Je continue à dénoncer leur ambiguïté : ces gens n’ont tiré aucune leçon du passé, et ils n’ont pas oublié ce qui leur a été fait. Ils ne cessent de répéter les mêmes erreurs, d’une manière ou d’une autre, et d’obtenir les mêmes résultats. Il suffit de regarder ce qui s’est passé pour eux après qu’ils aient assassiné le Premier ministre Al Nuqrashi (en décembre 1948 – ndlr), ou ce qui s’est passé après la tentative d’assassinat contre ​​Nasser, et en 1965 aussi, après le complot ourdi par Sayed Qubt – par le biais de leur « Organisation internationale » – pour chasser Nasser et ramener le roi Farouk à la tête de l’Égypte, par l’intermédiaire des anciens partis politiques. À chaque fois, ils ont été défaits par le gouvernement, ils se sont terrés dans la clandestinité, puis sont réapparus pour répéter les mêmes erreurs politiques.

En les reléguant à la clandestinité, n’y a-t-il pas un risque de voir le terrorisme augmenter ?

Je crois que les condamner comme organisation terroriste ne changera rien à leurs plans : au contraire, ils augmenteront les actes terroristes, mais cette fois-ci les autorités ne les laisseront plus faire. Comme nous l’avons vu, la police et l’armée les ont arrêtés progressivement. Je crois aussi que la diplomatie égyptienne fera de son mieux pour demander aux États-Unis, à la Grande-Bretagne et à d’autres pays de les aider autant que possible à vaincre ces cellules terroristes, afin que les Frères Musulmans disparaissent une bonne fois pour toutes.

Les Coptes ont dit qu’ils étaient « déçus » par la Constitution, car si l’introduction de quotas de représentation politique offre aux chrétiens la possibilité d’avoir des représentants élus, elle les discrimine par rapport aux musulmans. Qu’en pensez-vous ?

Je pense que les Coptes ont raison, parce que les Frères Musulmans les considéraient déjà comme des « partenaires de la patrie », une définition qui souligne explicitement la division des Égyptiens en deux parties, et qui va à l’encontre des idées de nation, de citoyenneté, de liberté, de démocratie, et de tout autre notion humanitaire.

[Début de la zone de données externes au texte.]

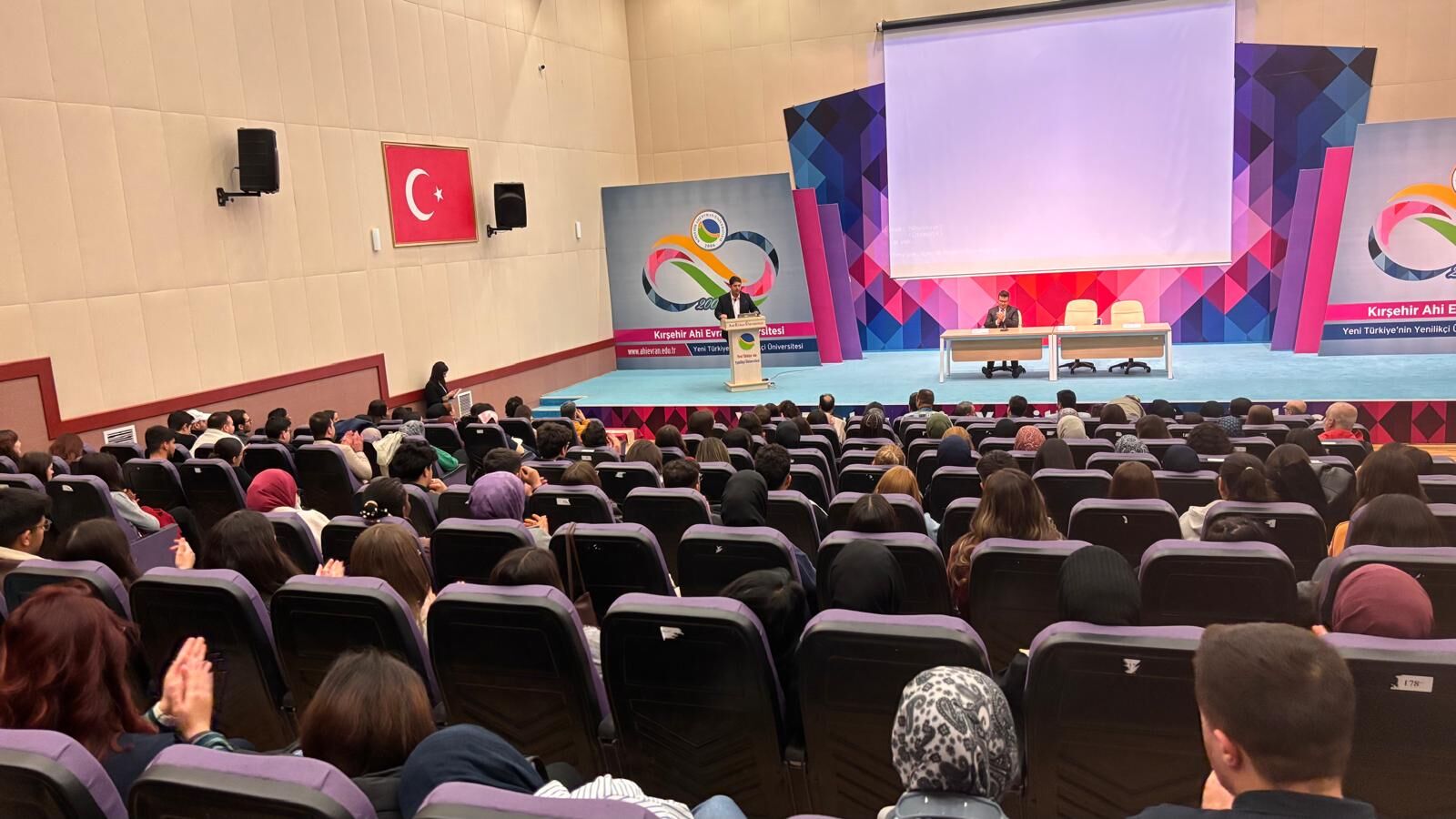Kırşehir’de İstihdam Ve Gelecek Konuşuldu 3
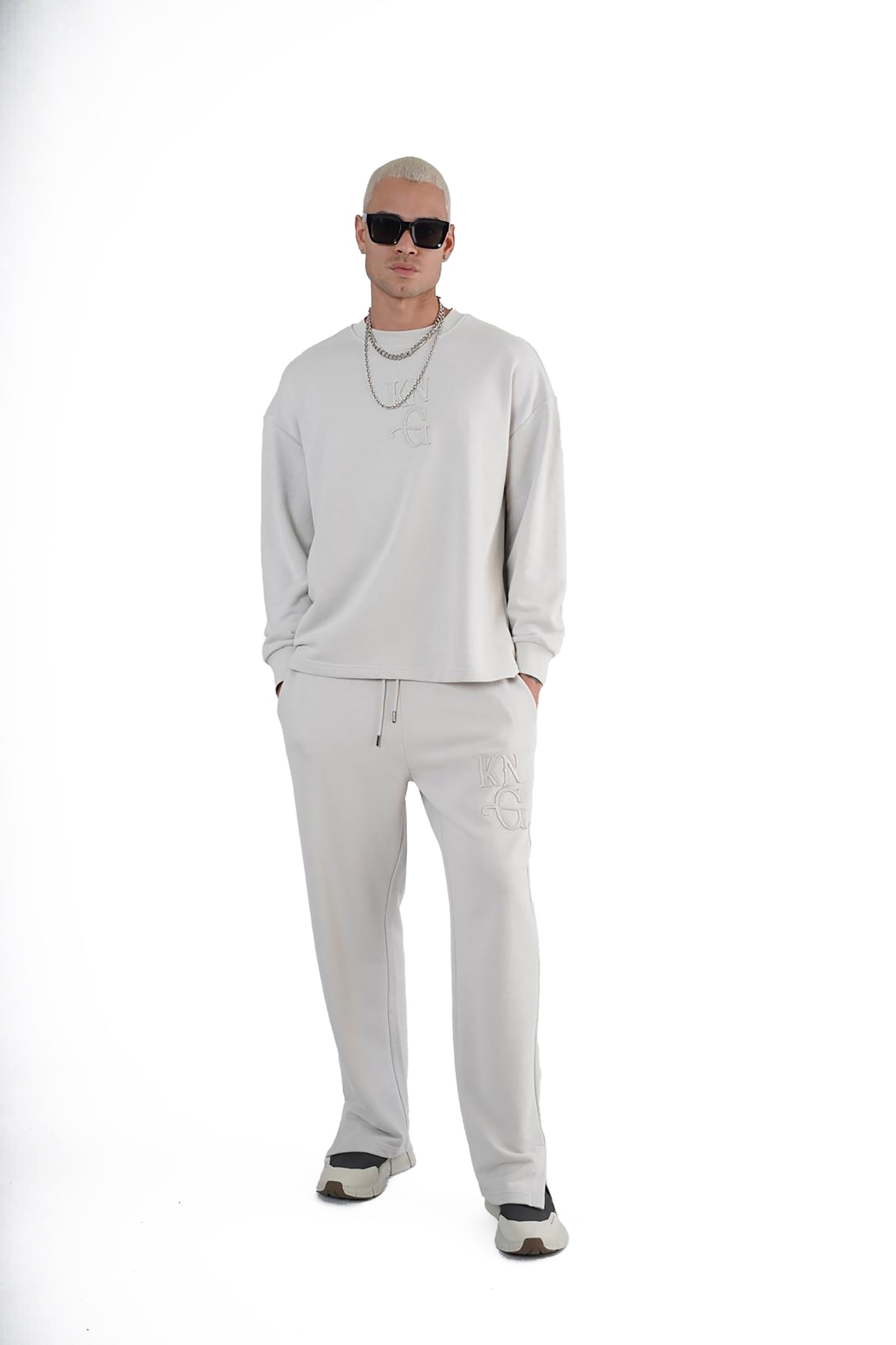 Herren Jogger Kombi Zweiteiler, Oversized Fit Freizeitanzug, Modell DQ KB374, Lichtgrau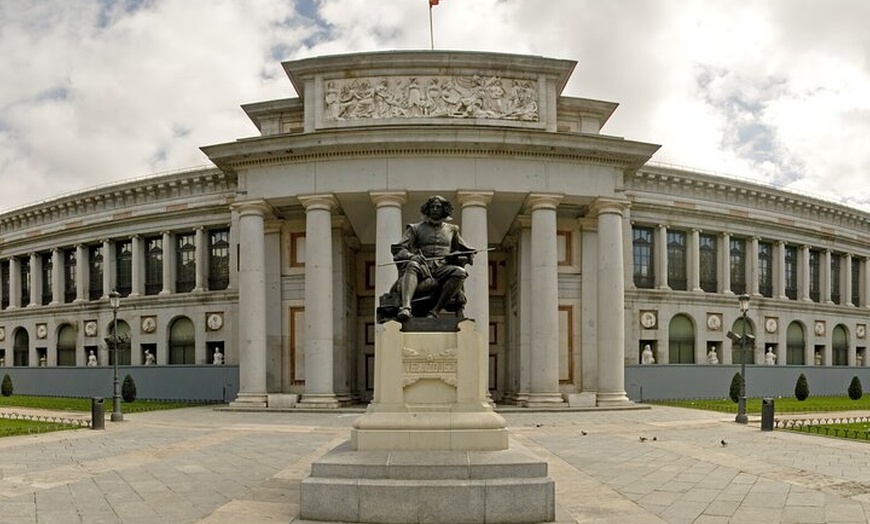 Image 3: Museo del Prado con guía oficial en grupos reducidos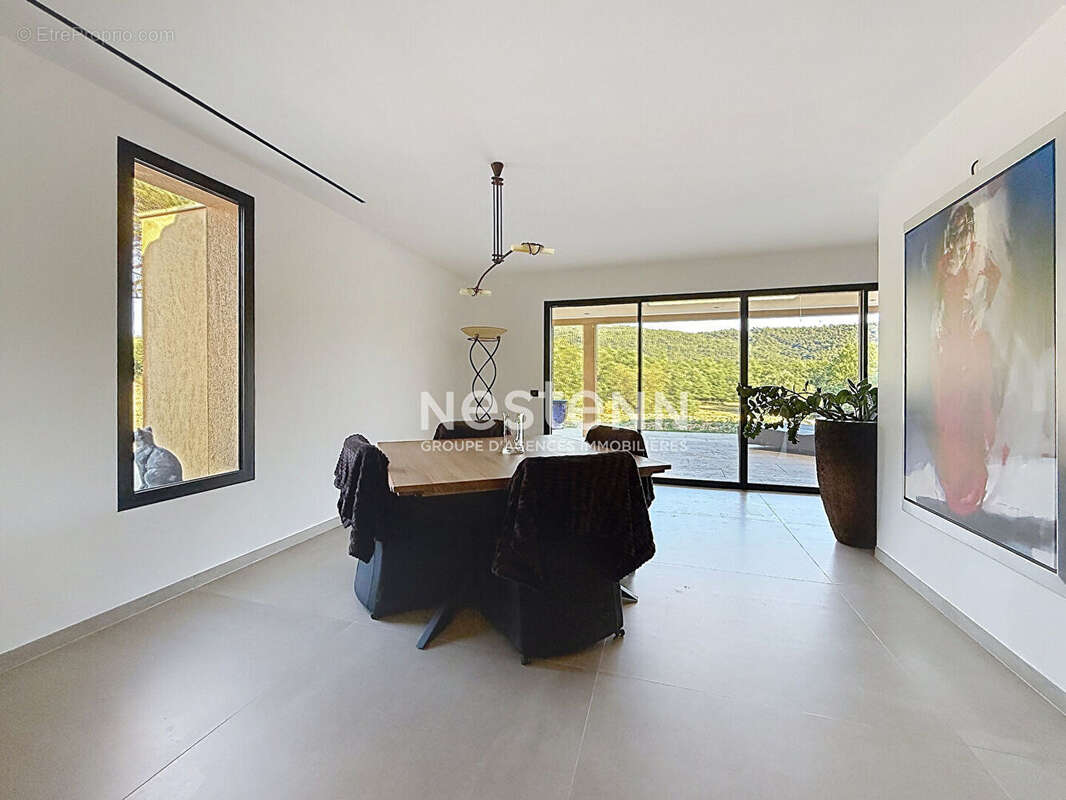 A VENDRE Maison La Garde Freinet 5 pièces 200 m2- terrain 24956m2- Calme- Prestige - photo 6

Selon vous, quelles sont les  premières mesures qui doivent être prises pour satisfaire la demande de gouvernance démocratique exprimée par les activistes civils ?

Je crois que parmi les mesures les plus importantes à entreprendre, il faut la garantie de la libre formation des partis politiques, la libéralisation du syndicat, et l’élection des gouverneurs régionaux, choisis parmi les personnes vivant dans la région, pour une période de quatre ans. Et surtout, la création d’un « État de droit », basé sur le principe de l’égalité de tous les citoyens, sans distinction de sexe, de confession, de niveau d’éducation ou de statut social, et la protection des droits de la personne pour chaque citoyen. Ce sera le point de départ de la cohésion sociale entre les «fils» d’une même nation.